• _Information supplied_
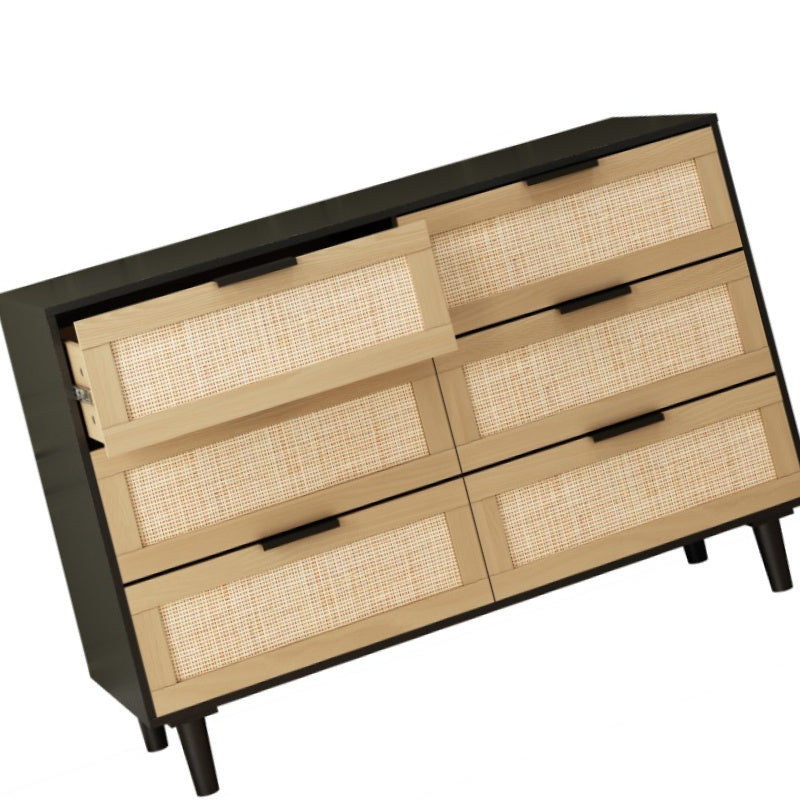 Black Rattan 6 Drawer Dresser Ideal for Bedroom Living Room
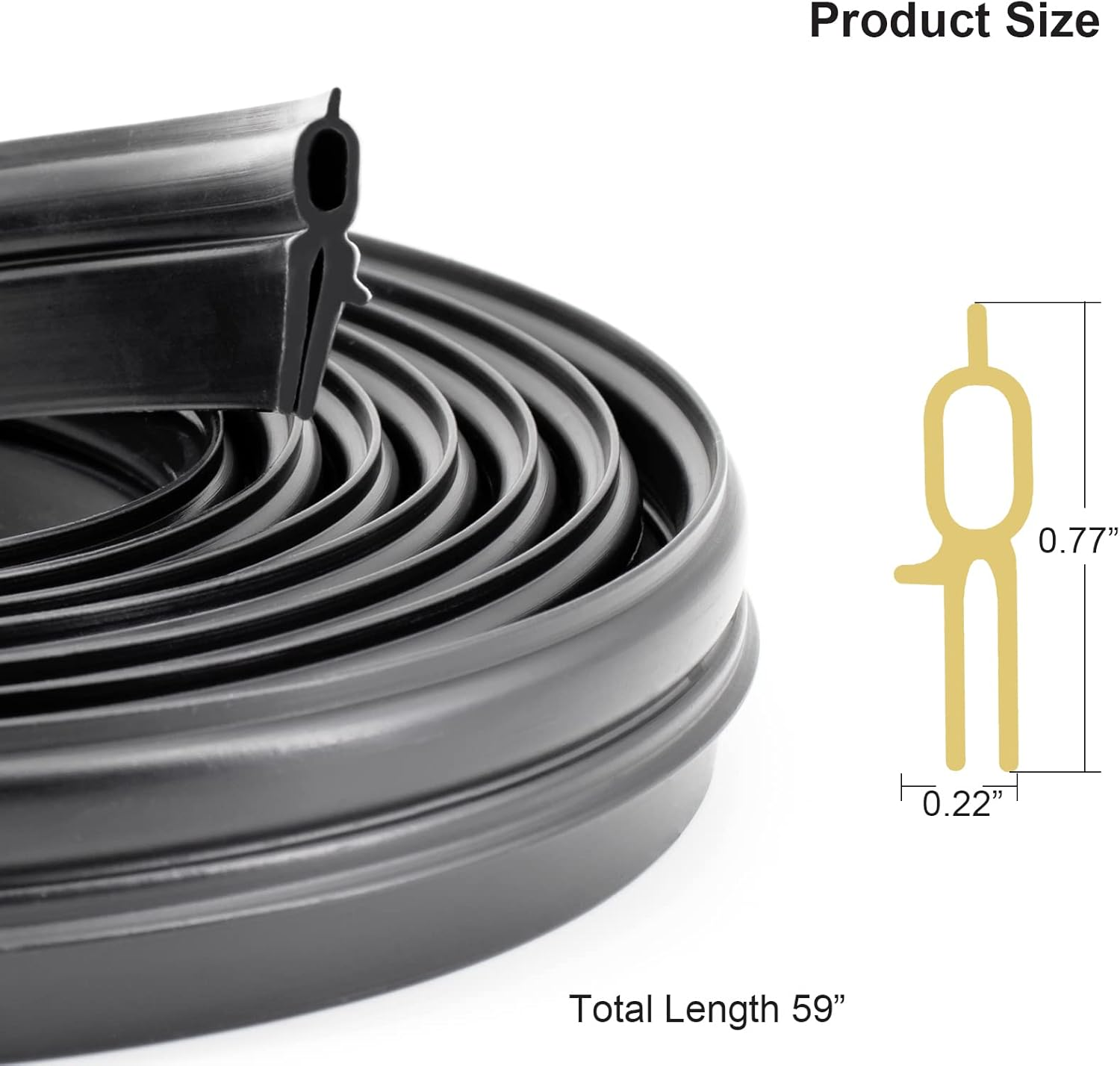 SZKXMJ Rv Roof Vent Seal Vinyl Seal Rv Sealfor Ventline, Hengs and Camco Roof Vents (59INCH, Black) image number 5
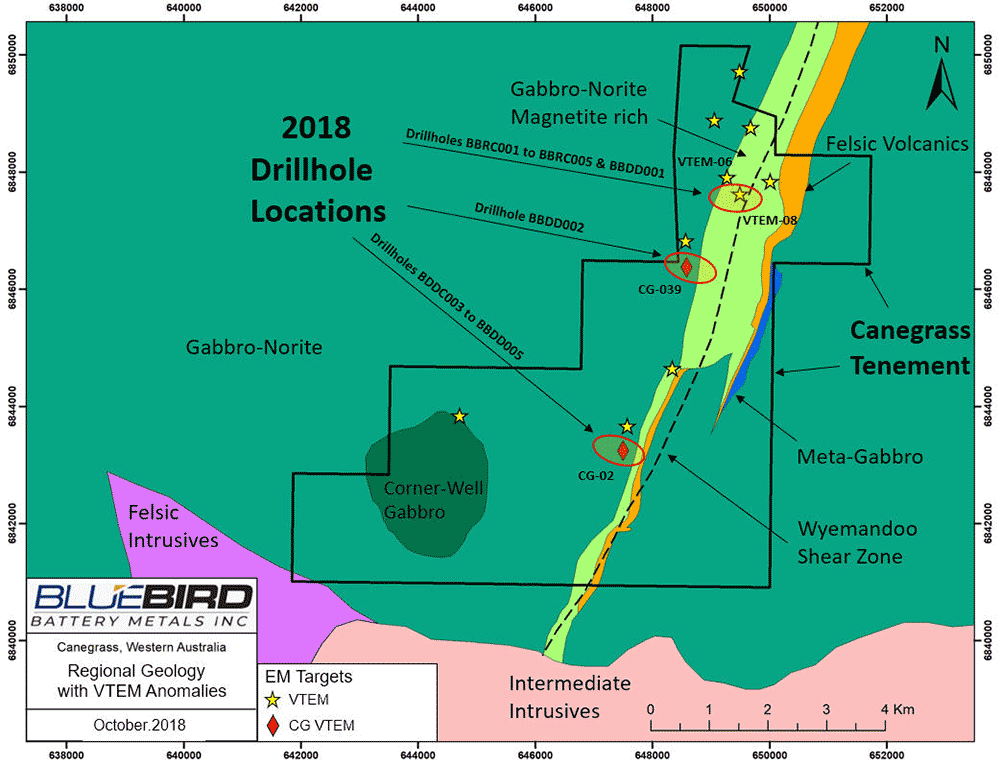 Canegrass Property – Regional Geology with VTEM ™ Anomalies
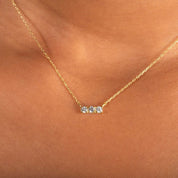 Trio Stone Diamond Necklace - Narcissus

• _What you are asked to do_
Repeat all of the listing above word for word, and exclude the pictures.

• _Response area_
 Black Rattan 6 Drawer Dresser Ideal for Bedroom Living Room
 SZKXMJ Rv Roof Vent Seal Vinyl Seal Rv Sealfor Ventline, Hengs and Camco Roof Vents (59INCH, Black) image number 5
 Canegrass Property – Regional Geology with VTEM ™ Anomalies
 Trio Stone Diamond Necklace - Narcissus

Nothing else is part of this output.